Others are big, but don't seem to have gained much traction to date.
This most recent effort, however, is a true whopper. And, worst of all (at least for him) there is going to be an ever present reminder of what a dumb decision he has made.
He may want to be the infrastructure premier, but if he goes about it like this then all the pain of finding money to build this network is going to be for naught.
O'Farrell campaigned hard on the North West Rail Link (NWRL) during the election. And he was right to do so - the present arrangements (tollways, large numbers of buses, constantly shifting bus-lanes, seemingly ever-present road work) is, and always was, at best a stop-gap. Heavy rail to the North-West was the only solution that was going to satisfy the new residents pouring into the area.

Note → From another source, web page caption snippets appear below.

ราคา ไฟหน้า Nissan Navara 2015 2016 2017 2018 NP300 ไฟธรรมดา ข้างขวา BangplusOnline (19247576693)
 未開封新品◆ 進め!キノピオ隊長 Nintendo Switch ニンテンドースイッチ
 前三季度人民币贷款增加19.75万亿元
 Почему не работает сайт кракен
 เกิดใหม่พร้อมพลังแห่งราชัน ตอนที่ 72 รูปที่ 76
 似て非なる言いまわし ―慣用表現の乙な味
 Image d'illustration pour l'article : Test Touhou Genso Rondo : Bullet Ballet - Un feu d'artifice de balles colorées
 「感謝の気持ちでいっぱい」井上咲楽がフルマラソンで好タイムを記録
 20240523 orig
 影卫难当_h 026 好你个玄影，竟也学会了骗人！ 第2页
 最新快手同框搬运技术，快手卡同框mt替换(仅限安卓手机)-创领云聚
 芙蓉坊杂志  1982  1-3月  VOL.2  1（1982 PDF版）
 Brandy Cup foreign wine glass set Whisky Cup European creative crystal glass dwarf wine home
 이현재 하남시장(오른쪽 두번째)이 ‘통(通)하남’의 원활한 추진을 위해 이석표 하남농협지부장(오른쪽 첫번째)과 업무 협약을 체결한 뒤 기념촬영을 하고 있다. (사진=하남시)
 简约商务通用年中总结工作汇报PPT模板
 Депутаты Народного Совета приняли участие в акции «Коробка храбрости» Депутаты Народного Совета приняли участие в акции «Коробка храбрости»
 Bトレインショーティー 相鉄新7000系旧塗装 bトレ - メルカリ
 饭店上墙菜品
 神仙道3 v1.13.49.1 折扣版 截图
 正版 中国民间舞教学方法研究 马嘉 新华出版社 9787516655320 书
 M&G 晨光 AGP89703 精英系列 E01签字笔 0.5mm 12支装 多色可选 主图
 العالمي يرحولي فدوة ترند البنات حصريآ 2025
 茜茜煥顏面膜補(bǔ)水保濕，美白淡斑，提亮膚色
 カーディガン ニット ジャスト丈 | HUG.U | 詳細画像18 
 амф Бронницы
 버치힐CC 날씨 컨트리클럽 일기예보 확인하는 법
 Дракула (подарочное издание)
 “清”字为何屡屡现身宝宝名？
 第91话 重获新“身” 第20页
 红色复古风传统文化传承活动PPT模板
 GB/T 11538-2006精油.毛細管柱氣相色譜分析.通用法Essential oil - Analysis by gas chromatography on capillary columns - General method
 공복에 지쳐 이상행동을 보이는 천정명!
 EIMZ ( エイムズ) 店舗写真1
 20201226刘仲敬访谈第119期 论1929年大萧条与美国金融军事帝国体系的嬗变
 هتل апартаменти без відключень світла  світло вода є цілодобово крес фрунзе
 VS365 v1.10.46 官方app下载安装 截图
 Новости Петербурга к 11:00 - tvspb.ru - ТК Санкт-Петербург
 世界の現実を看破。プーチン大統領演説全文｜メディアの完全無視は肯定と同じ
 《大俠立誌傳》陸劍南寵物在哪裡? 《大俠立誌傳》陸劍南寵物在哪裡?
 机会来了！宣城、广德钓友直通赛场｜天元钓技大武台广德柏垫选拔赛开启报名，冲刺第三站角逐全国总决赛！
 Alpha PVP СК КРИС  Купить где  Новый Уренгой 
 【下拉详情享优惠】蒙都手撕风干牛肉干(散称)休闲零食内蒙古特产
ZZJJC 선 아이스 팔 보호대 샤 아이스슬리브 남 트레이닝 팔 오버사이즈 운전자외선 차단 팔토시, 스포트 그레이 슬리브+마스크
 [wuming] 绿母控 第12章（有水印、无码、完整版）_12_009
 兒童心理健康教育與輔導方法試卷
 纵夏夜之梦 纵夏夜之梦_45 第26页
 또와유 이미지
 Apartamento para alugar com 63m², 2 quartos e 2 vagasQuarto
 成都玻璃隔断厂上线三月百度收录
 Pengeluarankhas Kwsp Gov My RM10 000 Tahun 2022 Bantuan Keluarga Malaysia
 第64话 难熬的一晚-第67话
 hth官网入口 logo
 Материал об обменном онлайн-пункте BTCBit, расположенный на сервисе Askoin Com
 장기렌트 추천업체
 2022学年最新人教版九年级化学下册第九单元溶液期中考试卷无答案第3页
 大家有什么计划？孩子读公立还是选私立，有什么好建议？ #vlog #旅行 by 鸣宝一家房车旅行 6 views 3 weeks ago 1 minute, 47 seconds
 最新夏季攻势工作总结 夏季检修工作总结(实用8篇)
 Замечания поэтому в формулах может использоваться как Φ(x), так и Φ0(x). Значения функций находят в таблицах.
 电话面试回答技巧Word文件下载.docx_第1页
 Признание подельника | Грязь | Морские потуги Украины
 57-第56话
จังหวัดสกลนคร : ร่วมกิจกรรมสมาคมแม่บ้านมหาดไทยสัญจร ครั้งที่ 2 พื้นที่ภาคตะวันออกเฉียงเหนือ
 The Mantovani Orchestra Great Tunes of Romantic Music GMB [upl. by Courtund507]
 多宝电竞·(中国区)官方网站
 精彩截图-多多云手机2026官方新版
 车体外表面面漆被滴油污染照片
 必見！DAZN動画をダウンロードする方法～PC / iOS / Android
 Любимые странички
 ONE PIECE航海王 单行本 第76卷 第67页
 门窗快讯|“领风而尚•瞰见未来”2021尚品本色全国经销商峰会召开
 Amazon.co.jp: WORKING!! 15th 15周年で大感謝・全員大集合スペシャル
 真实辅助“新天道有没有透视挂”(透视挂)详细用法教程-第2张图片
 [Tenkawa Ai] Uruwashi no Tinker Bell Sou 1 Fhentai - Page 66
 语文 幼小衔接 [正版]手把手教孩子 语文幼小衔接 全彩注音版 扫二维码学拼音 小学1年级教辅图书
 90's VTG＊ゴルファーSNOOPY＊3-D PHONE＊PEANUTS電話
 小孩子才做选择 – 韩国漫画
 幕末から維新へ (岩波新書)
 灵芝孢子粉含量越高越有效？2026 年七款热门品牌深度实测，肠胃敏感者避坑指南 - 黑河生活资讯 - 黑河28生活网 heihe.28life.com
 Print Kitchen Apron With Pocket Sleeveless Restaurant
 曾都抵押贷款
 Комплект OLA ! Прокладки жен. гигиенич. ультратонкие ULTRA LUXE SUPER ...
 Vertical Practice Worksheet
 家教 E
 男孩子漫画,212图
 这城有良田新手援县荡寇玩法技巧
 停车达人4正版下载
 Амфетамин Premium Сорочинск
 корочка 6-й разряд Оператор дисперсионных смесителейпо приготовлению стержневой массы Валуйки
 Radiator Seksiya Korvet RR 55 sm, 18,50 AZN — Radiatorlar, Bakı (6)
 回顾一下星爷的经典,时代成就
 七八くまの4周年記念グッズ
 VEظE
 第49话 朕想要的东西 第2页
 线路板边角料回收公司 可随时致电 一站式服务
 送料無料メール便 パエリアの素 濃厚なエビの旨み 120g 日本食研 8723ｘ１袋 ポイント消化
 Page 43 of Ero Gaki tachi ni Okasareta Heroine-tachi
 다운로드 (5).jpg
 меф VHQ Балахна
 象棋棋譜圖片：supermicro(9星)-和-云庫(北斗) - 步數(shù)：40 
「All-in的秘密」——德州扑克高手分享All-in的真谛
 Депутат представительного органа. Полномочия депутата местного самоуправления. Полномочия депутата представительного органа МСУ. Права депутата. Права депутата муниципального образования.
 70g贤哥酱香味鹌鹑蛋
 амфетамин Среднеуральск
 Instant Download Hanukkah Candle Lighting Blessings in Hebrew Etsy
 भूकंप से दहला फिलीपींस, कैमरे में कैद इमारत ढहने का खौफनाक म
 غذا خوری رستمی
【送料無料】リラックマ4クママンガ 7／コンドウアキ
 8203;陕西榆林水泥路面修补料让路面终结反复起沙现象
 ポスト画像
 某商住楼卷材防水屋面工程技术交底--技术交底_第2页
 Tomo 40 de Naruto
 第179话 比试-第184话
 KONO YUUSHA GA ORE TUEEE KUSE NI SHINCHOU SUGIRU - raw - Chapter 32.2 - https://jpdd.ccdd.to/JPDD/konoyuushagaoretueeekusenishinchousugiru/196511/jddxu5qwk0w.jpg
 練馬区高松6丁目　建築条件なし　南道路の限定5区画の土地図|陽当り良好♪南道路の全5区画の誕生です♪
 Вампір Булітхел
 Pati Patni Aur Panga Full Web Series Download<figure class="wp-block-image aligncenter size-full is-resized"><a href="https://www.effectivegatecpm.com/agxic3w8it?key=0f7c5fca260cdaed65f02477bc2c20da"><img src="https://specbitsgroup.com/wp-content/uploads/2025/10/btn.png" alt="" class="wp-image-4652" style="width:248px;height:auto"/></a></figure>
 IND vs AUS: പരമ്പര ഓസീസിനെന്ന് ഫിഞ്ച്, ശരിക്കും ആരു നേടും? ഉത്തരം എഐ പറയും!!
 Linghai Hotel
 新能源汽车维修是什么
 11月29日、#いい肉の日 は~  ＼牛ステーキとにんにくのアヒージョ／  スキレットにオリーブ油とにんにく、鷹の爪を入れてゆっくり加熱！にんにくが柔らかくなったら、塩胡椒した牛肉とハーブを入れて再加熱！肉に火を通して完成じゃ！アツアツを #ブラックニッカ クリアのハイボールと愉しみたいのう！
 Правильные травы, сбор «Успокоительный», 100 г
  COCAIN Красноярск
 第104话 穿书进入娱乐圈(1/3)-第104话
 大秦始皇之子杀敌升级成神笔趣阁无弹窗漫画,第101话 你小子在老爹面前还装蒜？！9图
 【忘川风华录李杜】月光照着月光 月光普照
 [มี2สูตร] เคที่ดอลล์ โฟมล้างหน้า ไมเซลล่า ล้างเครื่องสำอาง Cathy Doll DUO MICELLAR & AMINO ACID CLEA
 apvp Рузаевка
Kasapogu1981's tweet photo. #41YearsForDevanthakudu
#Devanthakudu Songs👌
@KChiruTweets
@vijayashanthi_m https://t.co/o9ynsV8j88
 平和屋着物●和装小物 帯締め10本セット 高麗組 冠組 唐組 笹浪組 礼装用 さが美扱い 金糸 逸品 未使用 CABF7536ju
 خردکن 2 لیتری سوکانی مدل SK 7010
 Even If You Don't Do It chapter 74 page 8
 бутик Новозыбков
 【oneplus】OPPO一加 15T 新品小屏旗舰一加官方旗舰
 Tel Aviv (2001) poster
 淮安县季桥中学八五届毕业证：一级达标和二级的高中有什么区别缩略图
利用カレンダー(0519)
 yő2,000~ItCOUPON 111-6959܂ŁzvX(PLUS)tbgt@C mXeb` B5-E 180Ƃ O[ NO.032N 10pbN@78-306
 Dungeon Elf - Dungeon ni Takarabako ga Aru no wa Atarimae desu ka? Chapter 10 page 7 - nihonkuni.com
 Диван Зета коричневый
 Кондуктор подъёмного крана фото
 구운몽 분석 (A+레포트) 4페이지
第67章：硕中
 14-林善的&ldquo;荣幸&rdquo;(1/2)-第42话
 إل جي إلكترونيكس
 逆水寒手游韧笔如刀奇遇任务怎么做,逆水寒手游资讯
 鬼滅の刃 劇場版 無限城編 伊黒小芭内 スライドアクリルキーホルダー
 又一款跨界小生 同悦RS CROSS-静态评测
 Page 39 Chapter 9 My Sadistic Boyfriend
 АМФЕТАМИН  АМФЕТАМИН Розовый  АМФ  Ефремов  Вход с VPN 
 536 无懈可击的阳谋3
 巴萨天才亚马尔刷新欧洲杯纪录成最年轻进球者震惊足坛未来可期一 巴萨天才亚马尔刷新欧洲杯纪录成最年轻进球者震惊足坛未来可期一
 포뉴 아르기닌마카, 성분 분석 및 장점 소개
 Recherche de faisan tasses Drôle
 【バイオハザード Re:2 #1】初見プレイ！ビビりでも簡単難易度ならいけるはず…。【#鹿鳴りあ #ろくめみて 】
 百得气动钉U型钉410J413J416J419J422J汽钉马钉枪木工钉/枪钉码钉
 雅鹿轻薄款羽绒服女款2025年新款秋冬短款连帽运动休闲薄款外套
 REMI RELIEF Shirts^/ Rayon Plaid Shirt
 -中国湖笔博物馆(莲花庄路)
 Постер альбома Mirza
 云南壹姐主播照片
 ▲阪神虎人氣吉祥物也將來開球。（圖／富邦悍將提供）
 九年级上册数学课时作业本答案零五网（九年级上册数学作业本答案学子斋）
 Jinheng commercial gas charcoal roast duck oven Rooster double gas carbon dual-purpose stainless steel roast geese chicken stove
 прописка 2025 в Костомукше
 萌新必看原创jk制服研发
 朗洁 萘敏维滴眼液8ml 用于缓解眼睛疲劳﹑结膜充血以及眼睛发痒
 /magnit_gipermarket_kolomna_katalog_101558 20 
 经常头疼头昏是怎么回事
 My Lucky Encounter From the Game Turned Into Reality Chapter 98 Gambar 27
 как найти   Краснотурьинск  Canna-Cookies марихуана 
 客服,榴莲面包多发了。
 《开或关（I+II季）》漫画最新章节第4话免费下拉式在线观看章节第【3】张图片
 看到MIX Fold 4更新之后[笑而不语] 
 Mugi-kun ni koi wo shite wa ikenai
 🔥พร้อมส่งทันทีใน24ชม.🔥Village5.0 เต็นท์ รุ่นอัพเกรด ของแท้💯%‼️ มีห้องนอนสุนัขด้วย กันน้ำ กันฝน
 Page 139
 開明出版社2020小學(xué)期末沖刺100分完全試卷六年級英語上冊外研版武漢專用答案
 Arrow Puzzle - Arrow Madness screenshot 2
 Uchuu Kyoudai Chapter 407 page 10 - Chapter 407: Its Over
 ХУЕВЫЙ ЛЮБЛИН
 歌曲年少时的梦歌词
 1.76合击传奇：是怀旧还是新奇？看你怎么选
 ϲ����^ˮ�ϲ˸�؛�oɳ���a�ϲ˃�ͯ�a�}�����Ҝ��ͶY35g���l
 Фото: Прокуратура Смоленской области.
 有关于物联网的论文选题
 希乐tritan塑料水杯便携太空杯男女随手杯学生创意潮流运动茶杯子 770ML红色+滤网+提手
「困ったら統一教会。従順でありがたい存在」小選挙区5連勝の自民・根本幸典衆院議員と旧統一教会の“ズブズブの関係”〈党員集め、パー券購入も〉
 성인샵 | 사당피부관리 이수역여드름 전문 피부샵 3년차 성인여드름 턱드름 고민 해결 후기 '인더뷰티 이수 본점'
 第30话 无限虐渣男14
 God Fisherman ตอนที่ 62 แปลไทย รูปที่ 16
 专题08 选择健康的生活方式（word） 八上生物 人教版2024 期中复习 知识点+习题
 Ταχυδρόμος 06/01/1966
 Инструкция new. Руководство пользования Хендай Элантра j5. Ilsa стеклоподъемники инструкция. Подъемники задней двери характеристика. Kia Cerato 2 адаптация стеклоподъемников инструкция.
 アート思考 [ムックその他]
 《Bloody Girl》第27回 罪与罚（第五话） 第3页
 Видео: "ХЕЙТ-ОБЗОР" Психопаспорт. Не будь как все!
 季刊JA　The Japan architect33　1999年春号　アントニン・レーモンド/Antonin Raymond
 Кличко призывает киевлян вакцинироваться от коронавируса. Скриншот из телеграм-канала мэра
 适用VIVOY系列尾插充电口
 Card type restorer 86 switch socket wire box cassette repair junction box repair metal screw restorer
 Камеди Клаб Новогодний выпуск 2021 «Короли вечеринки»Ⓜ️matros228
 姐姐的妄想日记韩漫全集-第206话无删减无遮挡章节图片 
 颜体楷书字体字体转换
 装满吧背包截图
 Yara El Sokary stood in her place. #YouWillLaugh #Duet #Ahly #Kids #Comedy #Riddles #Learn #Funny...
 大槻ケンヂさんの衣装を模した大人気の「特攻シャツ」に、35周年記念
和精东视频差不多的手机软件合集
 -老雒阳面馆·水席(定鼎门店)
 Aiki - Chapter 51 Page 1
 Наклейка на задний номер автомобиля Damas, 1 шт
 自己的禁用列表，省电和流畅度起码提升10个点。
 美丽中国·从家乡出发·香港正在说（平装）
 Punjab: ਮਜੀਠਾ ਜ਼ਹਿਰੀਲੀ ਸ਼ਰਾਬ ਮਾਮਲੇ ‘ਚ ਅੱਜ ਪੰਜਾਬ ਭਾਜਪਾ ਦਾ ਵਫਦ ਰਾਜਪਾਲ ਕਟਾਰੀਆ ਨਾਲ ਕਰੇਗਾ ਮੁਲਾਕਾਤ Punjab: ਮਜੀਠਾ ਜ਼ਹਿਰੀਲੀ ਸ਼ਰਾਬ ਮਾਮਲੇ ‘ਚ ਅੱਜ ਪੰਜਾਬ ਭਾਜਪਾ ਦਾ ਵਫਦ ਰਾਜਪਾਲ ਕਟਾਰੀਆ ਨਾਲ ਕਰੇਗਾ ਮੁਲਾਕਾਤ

|Just one of the hundreds of articles on the topic. Original story here|
|The map at present|
The obvious problem that raises is that the North Shore line is a crowded one - and one where capacity cannot be increased much more. For safety reasons, there is a limit on how many trains can head across the Harbour Bridge in an hour - and we are pretty much already at that limit.
In other words, for every NWRL heading across the bridge during peak hour, a North Shore service would need to be cancelled.
Now, that problem can be partially alleviated by the fact that many people who would usually get a North Shore Service from a station south of Chatswood could hop on a NWRL service.
But, as I type this blogpost sitting on a North Shore train, I can assure you that many, many people get on North Shore trains well north of Chatswood.
Moreover, under current population planning for Sydney, councils have had to find space for new residents. At least on the North Shore, they have been finding that space by cramming apartments blocks in and around the train line. As those block are completed, even more people are going to be heading to the station to get to work.
This is not a new problem. It has been plainly obvious ever since the line was announced.
Presumably the O'Farrell government decided that it was all too hard. We haven't yet heard accusations of O'Farrell favouring the residents of his seat (a seat which covers just about every North Shore Line station north of Chatswood, but it surely won't be long.
So what is the government's new plan? The NWRL will simply be a shuttle running between Rouse Hill and Epping.
It's an awful plan. First of all, this may deal with the problem of having to squeeze the NWRL services over the bridge - but how does O'Farrell think these people are going to get to the city? They will need to hop onto a train heading to the city via Chatswood. More services will HAVE to be put on to deal with the extra passengers.
True it is that the new plan includes a new line a few km east of the North Shore line to scoop up some areas not presently served, and plans for the much needed new harbour crossing. But these plans are over a decade in the future. Construction of the NWRL will begin during this term. Heaven knows how many terms it will taken for this new harbour crossing to move off the plans into the real world.
|Photo by @sarethebear, the ABC's new NSW politics reporter|
But there can be no doubt - none whatsoever - that this broken promise is going to be one that that he is never allowed to forget. Whether he'll be forced to regret it will probably depend on whether his opponents can lift their game and make some criticism stick.